こうなって心の中はどうであるかといえば、阿弥陀如来の無量力功徳も忘れ、南無阿弥陀佛の威神功徳不可思議も忘れ、誓願不思議の大智大悲のよびごえすらも忘れて、「ああそうか、分かった」「分からなくなった」「私は阿弥陀様にまかせました」「如来様が助けて下さると思うております」「分かっておりますが、もう一つ安心がなりません」などと行きつ戻りつして、何十年経っても埒が明かん。
ところが、だんだんと如来様の照育にあずかり、方便力回向にあずかって、佛智不思議、誓願不思議、名号不思議、大慈悲不思議、如来様の無量力功徳の不思議が徹到して、赤児の阿呆にせられてみると、宇宙旅行者が地球外に飛び出して初めて大空の色を見、地球の色を見たように、「誓願不思議、名号不思議」が、特別に如来大悲の生命の色をもって現れていてくださっていることが、初めて拝まれるのである。赤児になるとは、「ただ信ずる」ことである。
如来の大生命が我が生命、如来の成正覚が我が血肉、如来正覚の功徳力が我が信心、如来の誓願不思議が我が往生と、何の造作もなく、苦労もなく、努力も費やさずして、すらっといただけるのである。

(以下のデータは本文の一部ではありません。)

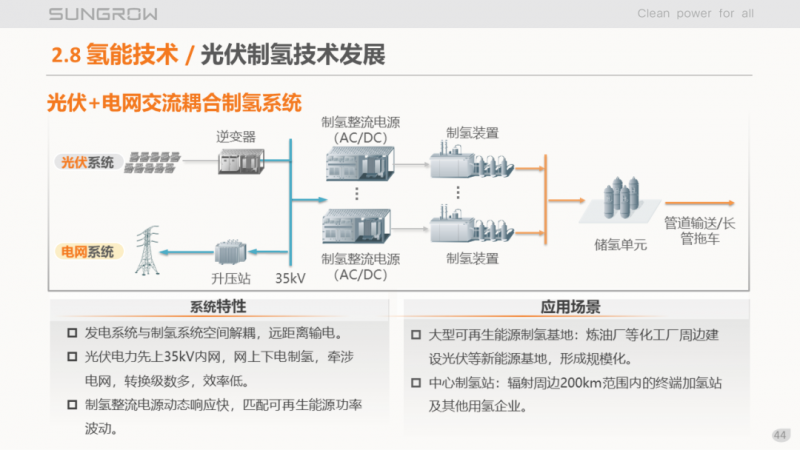 陽光電源趙為：智慧零碳解決方案助力實現(xiàn)雙碳目標！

この時、如来様は無量力功徳の親様で、南無阿弥陀佛は威神功徳不可思議力の「大悲の佛智」の丸出しであり、その佛力を丸出しにして、「助けなおかぬ」の大誓願は、そのまま誓願不思議、不可思議力の大誓願力であることが、何となくたのもしくいただけるのである。
そこのところを誓願不思議を「誓願不思議」といただき、「極楽の道は一すじ南無阿弥陀」といただくというのである。

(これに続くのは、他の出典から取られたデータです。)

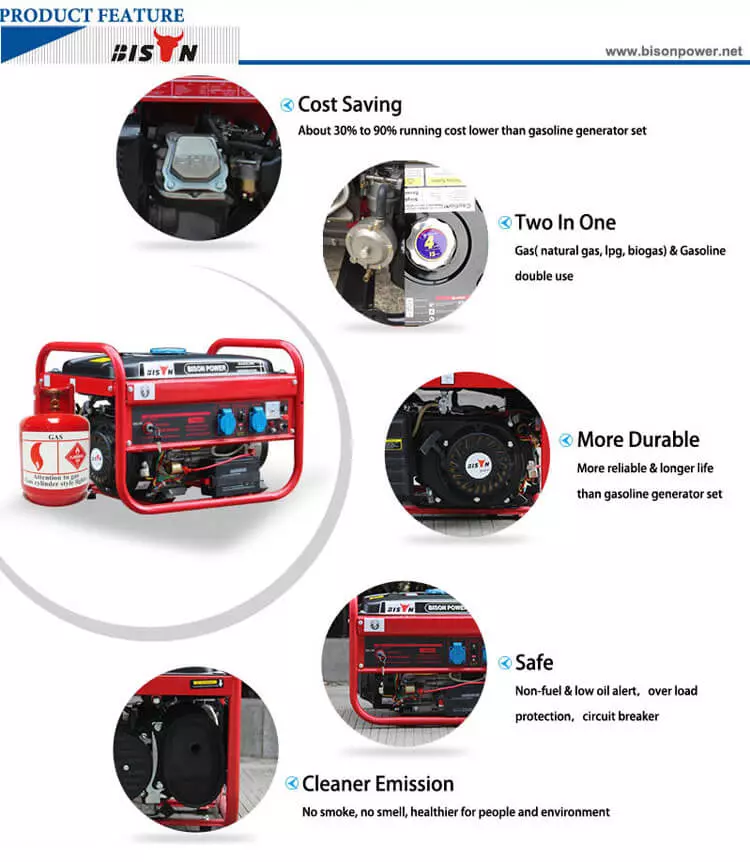 2-5kw-generador-glp-características.jpg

その世界には、凡夫自力の迷心が少しも混じっていない。それ故、その大信心を指して「義なきを義とすと信知せり」と仰せられるのである。これが「願力自然」「自然法爾」の深義である。
要は「弥陀の誓願不思議」を「誓願不思議」といただき、「極楽の道は一すじ南無阿弥陀」を「極楽の道は一すじ南無阿弥陀」といただくばかりである。願力不思議は、凡夫のはかろうべきところではない。謙敬聞奉行、素直に、ただ仰ぎたてまつるのみである。
稲垣瑞劔師「法雷」第71号(1982年11月発行)
2 件のコメント:
悲願は喩えば太虚空のごとし
と表題にありますが、
教行信証の行の巻に、
「悲願はたとへば太虚空のごとし、もろもろの妙功徳広無辺なるがゆゑに。」
とありました。
現代語訳では、
悲願は大空のようです、広大無辺のさまざまな素晴らしい功徳を包んでいるからです。
いつの間にか大きな世界に気付かせてもらえるのが有り難い。
「凡夫のはかろうべきことにあらず」
と、いつも手放しでおっしゃってくださいます。